» PROBLEM DESCRIPTION
Word for word, repeat the data that follows. Do not include the pictures.

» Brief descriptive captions
------------------------------
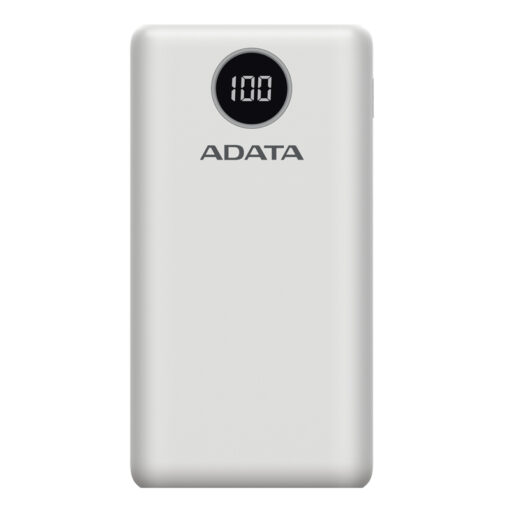 پاور بانک فست شارژ 20000 ای دیتا ADATA P20000QCD QC3 PD 18W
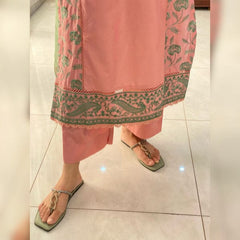 PEARL EMBROIDERED 3PC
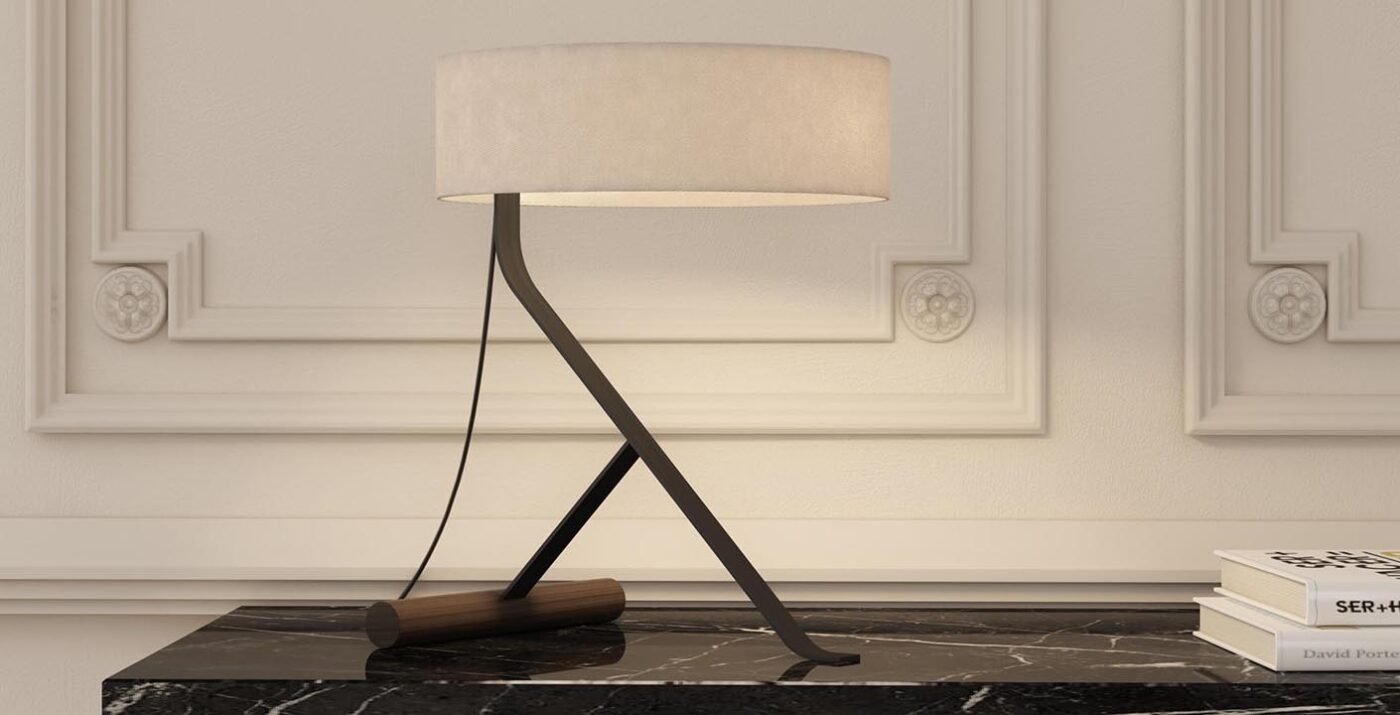 CHICAGO lamps by Punt Mobles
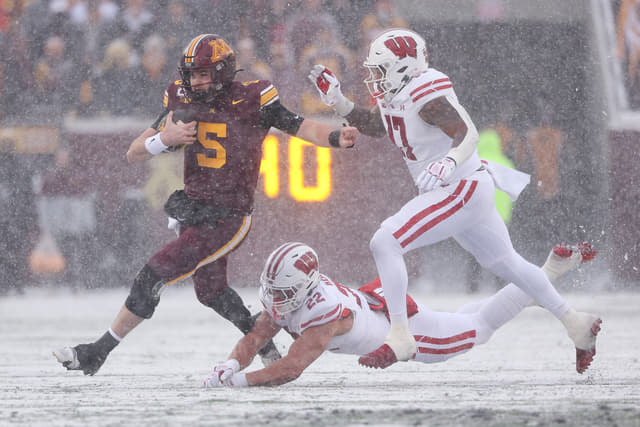 Minnesota 20, New Mexico 17: Drake Lindsey’s OT Touchdown Helps Gophers Clinch Rate Bowl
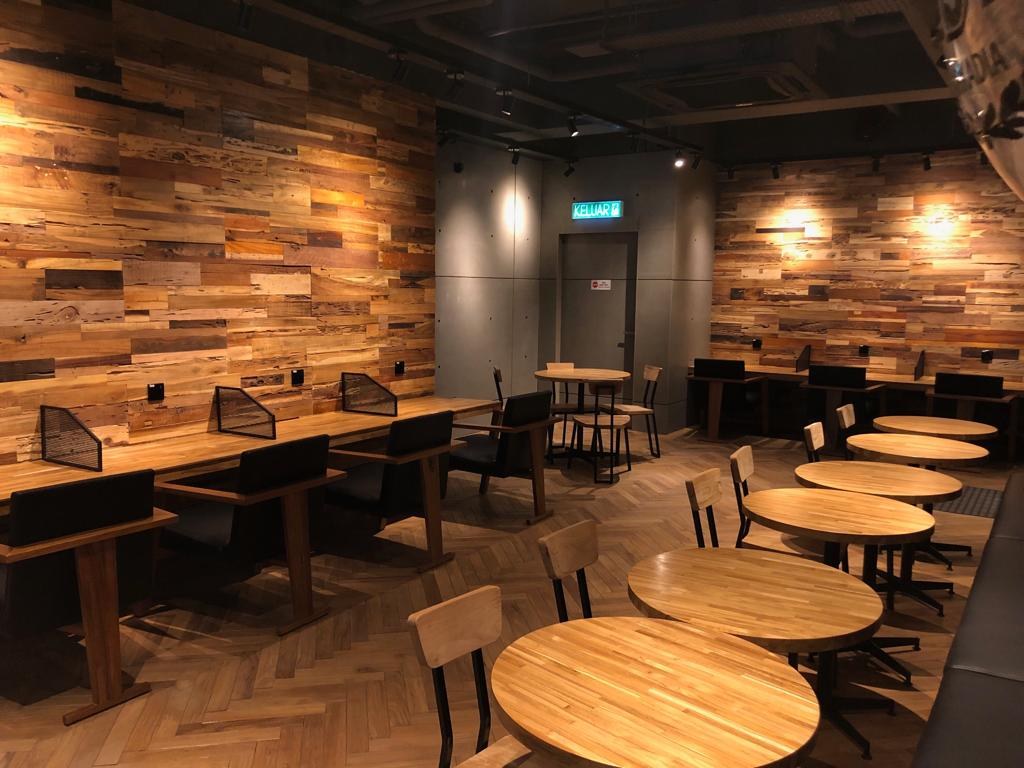 Coffee specialty cafes KL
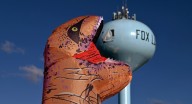 Fox Lake police host Halloween Howl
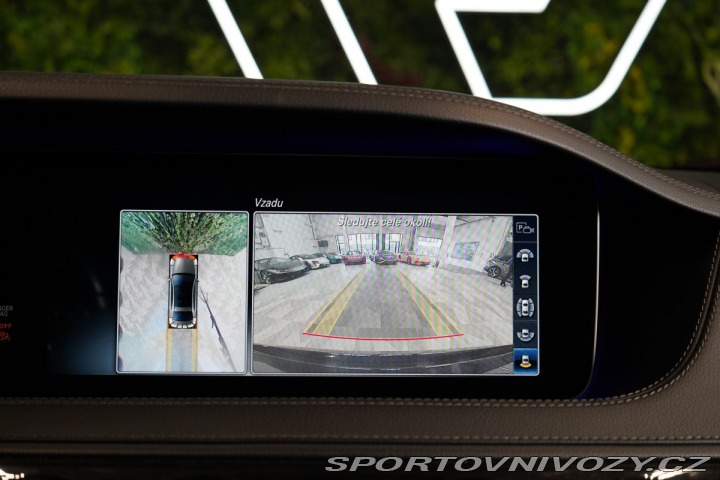 Mercedes-Benz S 400d*4M*AMG*NEZ.TOP*MEDIA 2019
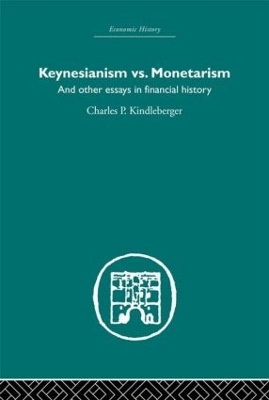 Keynesianism vs. Monetarism book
------------------------------
» TASK RESULT
 پاور بانک فست شارژ 20000 ای دیتا ADATA P20000QCD QC3 PD 18W
 PEARL EMBROIDERED 3PC
 CHICAGO lamps by Punt Mobles
 Minnesota 20, New Mexico 17: Drake Lindsey’s OT Touchdown Helps Gophers Clinch Rate Bowl
 Coffee specialty cafes KL
 Fox Lake police host Halloween Howl
 Mercedes-Benz S 400d*4M*AMG*NEZ.TOP*MEDIA 2019
 Keynesianism vs. Monetarism book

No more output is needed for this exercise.